Tebarkan Citra Positif Industri Sawit

Cahya Mulyana
19/9/2018 19:25
Tebarkan Citra Positif Industri Sawit
( ANTARA FOTO/Rosa Panggabean)

PROMOSI industri sawit sebagai komoditas utama ekspor Indonesia sangat penting dalam rangka menangkal isu negatif.
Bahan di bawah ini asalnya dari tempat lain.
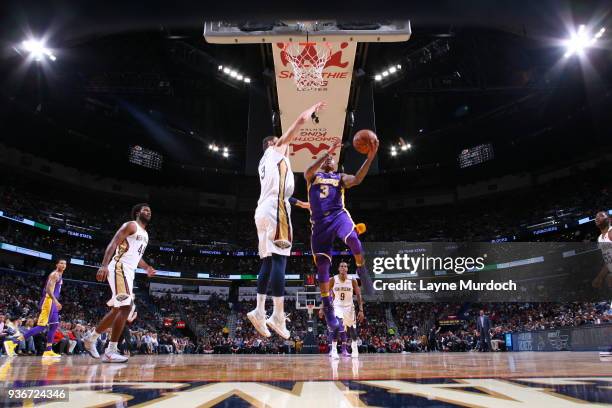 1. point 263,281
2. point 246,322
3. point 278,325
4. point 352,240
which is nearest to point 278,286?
point 263,281

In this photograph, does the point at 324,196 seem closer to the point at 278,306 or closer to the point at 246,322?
the point at 278,306

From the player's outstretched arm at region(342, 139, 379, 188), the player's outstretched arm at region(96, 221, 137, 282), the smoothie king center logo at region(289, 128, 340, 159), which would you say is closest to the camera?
the player's outstretched arm at region(342, 139, 379, 188)

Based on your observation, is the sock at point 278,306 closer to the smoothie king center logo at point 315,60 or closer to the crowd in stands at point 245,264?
the smoothie king center logo at point 315,60

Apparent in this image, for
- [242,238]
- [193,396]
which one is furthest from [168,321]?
[193,396]

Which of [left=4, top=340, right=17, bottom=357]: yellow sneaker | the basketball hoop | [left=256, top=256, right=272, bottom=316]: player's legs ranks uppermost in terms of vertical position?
the basketball hoop

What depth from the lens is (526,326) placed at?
20188 millimetres

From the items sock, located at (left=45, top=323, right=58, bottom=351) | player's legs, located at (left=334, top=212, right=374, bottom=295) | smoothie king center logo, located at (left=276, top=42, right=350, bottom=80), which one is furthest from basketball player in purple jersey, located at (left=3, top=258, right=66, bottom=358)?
player's legs, located at (left=334, top=212, right=374, bottom=295)

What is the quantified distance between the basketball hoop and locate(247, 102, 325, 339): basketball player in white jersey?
192 inches

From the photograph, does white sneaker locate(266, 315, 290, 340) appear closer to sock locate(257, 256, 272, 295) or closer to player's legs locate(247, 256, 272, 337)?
player's legs locate(247, 256, 272, 337)

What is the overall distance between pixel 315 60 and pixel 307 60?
0.53 feet

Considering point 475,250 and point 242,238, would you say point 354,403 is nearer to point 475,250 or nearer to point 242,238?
point 475,250

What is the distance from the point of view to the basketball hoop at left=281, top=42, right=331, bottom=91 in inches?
338

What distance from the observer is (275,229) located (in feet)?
12.9

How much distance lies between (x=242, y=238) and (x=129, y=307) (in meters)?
26.9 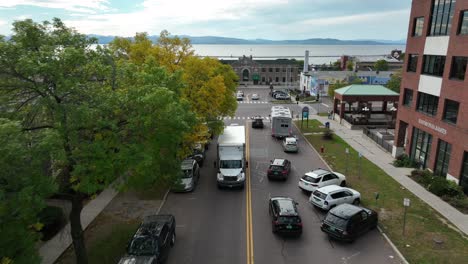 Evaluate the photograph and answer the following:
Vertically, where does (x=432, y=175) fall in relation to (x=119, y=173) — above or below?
below

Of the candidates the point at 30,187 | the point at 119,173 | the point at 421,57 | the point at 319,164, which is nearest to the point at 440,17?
the point at 421,57

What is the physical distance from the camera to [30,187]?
30.7 feet

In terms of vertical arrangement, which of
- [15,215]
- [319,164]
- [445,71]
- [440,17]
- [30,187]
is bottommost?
[319,164]

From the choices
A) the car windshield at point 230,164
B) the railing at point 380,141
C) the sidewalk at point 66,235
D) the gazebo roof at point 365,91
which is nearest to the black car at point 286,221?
the car windshield at point 230,164

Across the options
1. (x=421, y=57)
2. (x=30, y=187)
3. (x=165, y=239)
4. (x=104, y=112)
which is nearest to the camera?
(x=30, y=187)

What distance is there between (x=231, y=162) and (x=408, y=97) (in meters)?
18.7

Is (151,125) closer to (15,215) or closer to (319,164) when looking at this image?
(15,215)

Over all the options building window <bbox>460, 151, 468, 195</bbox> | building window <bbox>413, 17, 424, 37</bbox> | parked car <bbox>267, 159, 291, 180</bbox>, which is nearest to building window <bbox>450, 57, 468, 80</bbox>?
building window <bbox>460, 151, 468, 195</bbox>

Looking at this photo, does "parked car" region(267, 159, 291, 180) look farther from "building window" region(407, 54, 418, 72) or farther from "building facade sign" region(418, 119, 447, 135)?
"building window" region(407, 54, 418, 72)

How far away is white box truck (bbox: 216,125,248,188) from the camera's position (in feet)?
75.6

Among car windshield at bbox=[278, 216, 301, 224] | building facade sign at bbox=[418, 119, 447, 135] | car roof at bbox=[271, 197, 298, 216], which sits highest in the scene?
building facade sign at bbox=[418, 119, 447, 135]

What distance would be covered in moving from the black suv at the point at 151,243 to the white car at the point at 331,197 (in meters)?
9.10

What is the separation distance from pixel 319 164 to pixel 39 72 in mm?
23684

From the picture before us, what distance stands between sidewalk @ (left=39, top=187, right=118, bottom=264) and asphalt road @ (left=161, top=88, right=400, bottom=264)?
13.8 feet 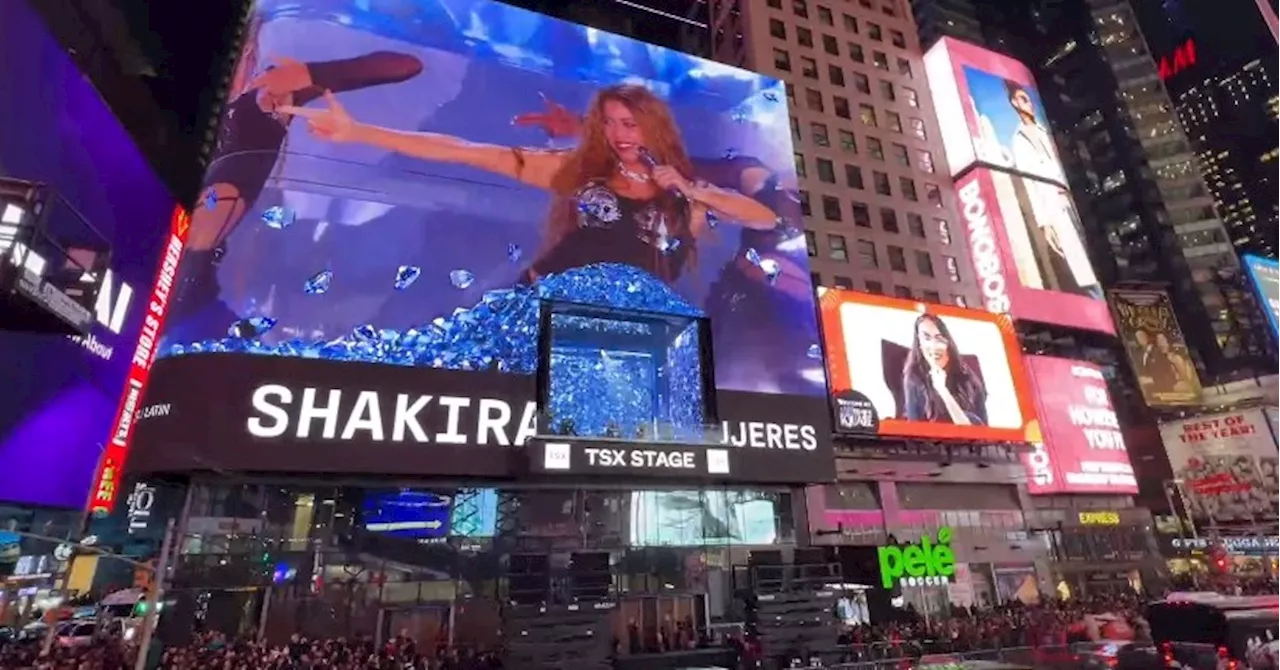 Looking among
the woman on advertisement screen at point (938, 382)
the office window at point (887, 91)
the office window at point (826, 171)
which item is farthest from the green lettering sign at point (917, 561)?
the office window at point (887, 91)

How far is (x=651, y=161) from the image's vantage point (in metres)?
33.1

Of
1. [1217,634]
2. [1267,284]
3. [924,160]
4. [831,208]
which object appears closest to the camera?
[1217,634]

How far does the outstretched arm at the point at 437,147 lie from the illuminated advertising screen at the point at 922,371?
1665 cm

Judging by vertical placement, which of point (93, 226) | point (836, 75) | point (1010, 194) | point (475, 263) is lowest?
point (475, 263)

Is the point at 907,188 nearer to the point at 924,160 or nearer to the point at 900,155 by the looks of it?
the point at 900,155

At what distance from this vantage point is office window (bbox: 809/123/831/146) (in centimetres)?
4816

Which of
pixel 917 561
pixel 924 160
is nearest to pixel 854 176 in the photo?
pixel 924 160

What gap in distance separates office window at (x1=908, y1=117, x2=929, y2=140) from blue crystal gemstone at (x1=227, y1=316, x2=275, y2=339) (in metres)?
46.2

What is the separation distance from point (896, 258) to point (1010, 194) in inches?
456

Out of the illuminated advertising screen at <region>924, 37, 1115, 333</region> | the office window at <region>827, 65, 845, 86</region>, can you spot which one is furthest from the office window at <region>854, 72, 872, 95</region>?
the illuminated advertising screen at <region>924, 37, 1115, 333</region>

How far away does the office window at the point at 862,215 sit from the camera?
4656cm

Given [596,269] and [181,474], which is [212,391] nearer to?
[181,474]

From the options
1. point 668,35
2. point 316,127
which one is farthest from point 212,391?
point 668,35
Ini penting untuk menjaga neraca ekspor serta pencapaian tujuan pembangunan berkelanjutan (SDGs).  

Menurut Director of Council of Palm Oil Producer Countries (CPOPC), Mahendra Siregar menjelaskan bahwa kelapa sawit adalah minyak nabati yang paling memenuhi ekspekatasi kriteria SDGs bila dibandingkan dengan minyak nabati lainnya.

"Tanpa kelapa sawit akan sangat sulit melakukan pencapaian SDGs dan hal ini bukan hanya untuk Indonesia, juga untuk seluruh dunia," terangnya dalam keterangan resmi, (Rabu 19/9). 

Saat ini pemerintah Indonesia telah mengambil posisi yang tegas dalam mengambil langkah-langkah tegas untuk memastikan industri sawit tidak mendapatkan diskriminasi dari pasar internasional.

Sementara itu Managing Director Sustainability and Strategic Stakeholders Engagement Sinar Mas Agribusiness and Food, Agus Purnomo, menjelaskan bahwa perusahaan telah melakukan berbagai upaya dalam menerapkan praktik industri sawit yang berkelanjutan yang sejalan dengan tujuan-tujuan pembangunan berkelanjutan (SDGs).    

Agus menambahkan bahwa salah satu capaian SDGs perusahaan adalah dalam hal penguatan kemitraan untuk pembangunan berkelanjutan (partnership for the goals). “Melalui kegiatan seperti SMART SEED, program kunjungan dan lokakarya, kami mengajak para pemasok untuk bermitra dan bersama-sama menerapkan praktek berkelanjutan di industri kelapa sawit," jelasnya.  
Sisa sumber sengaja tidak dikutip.